Set down, please, the line that contains "Delta Flying approach" and every line that follows it to the end of the records, exactly; do not include pictures.

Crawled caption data
§

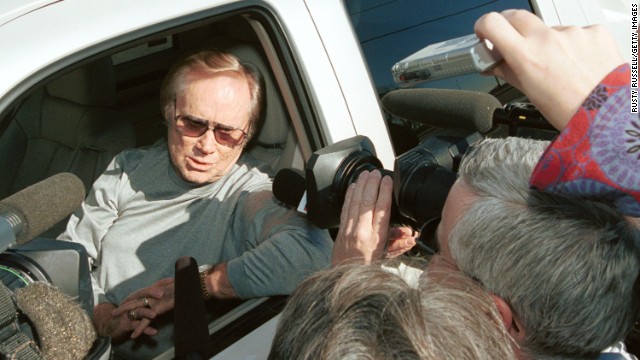 Jones talks with reporters in Nashville before greeting protesters who were rallying in front of WSM Radio studios against radio format changes in January 2002.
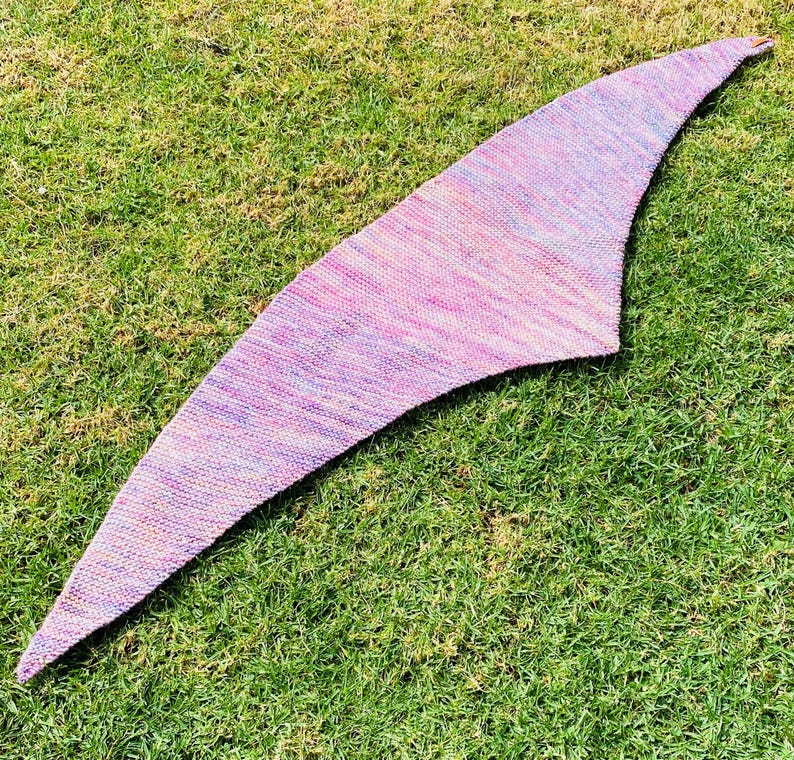 May include: A triangular knitted shawl featuring a variegated color palette of soft pink, lavender, and subtle orange hues. The textile displays a consistent garter stitch pattern throughout, with a tapered shape that extends to pointed ends.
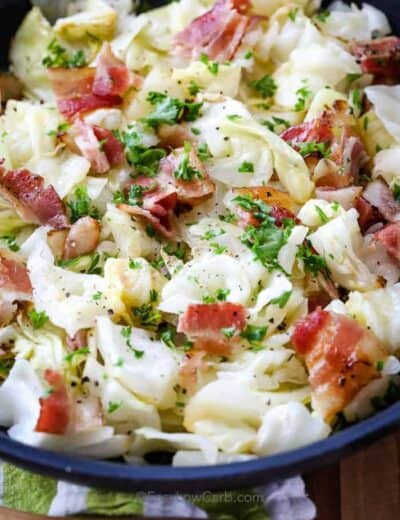 Fried Cabbage With Bacon in a black bowl.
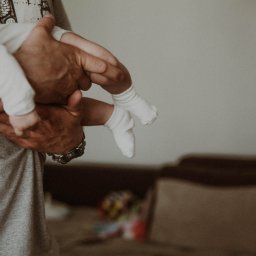 Paulina Macieląg Fotografia - Dłonie ojca trzymające noworodka w białym ubranku i skarpetkach, widoczny zegarek na nadgarstku mężczyzny.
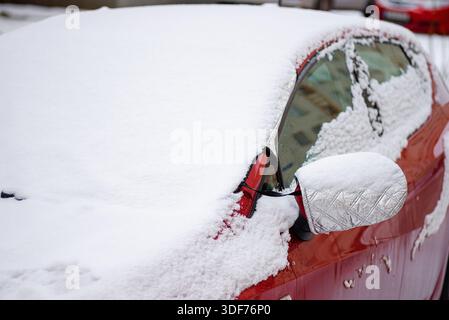 Ein abstraktes Nahfoto eines roten metallischen Autoteils (möglicherweise ein Seitenspiegel oder eine Tür), bedeckt mit weißem Schnee und Frost. Stockfoto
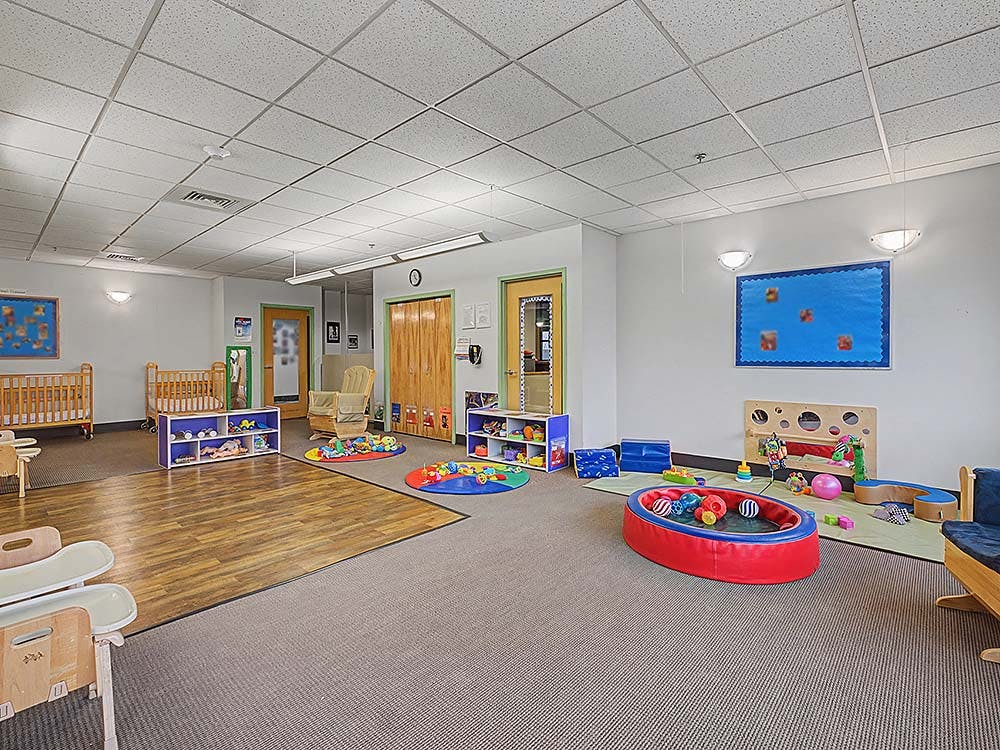 A colorful childcare room with cribs, play mats, and children's toys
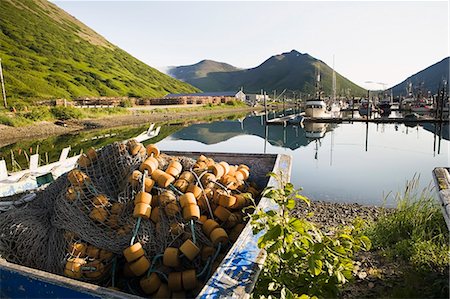 simsearch:854-08028082,k - A Retired Commercial Salmon Fishing Seine Sits In A Dingy Next To The The King Cove Harbor, King Cove, Alaska Peninsula, Southwest Alaska, Summer. Stock Photo - Rights-Managed, Code: 854-08028175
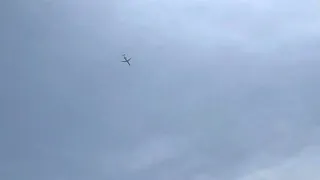 Delta Flying approach Overhead Mitsubishi CRJ-900.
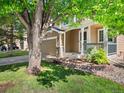 Inviting home exterior with well-maintained lawn, mature tree, and covered front porch at 4111 W Kenyon Ave, Denver, CO 80236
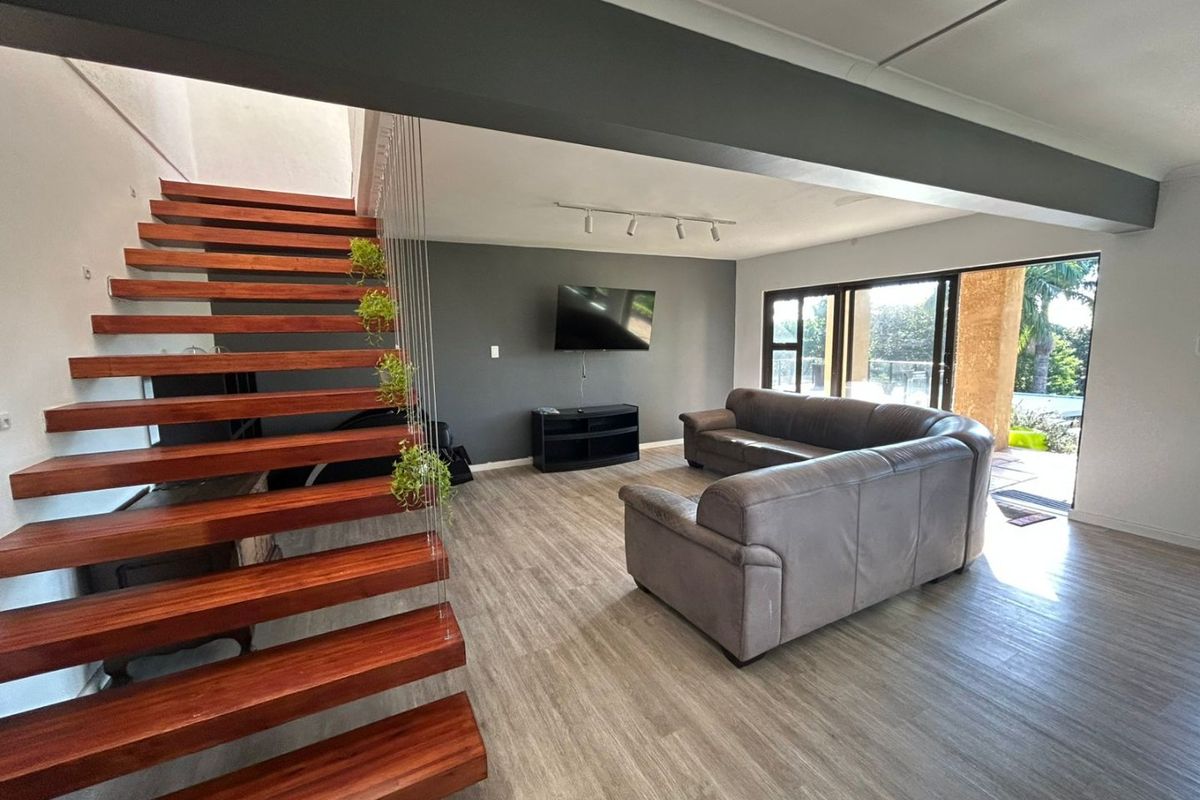 Spacious open-plan living area featuring a modern floating timber staircase, laminate flooring, and large sliding doors providing seamless access to the outdoor patio.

§

▸ **TASK RESULT**:
 Delta Flying approach Overhead Mitsubishi CRJ-900.
 Inviting home exterior with well-maintained lawn, mature tree, and covered front porch at 4111 W Kenyon Ave, Denver, CO 80236
 Spacious open-plan living area featuring a modern floating timber staircase, laminate flooring, and large sliding doors providing seamless access to the outdoor patio.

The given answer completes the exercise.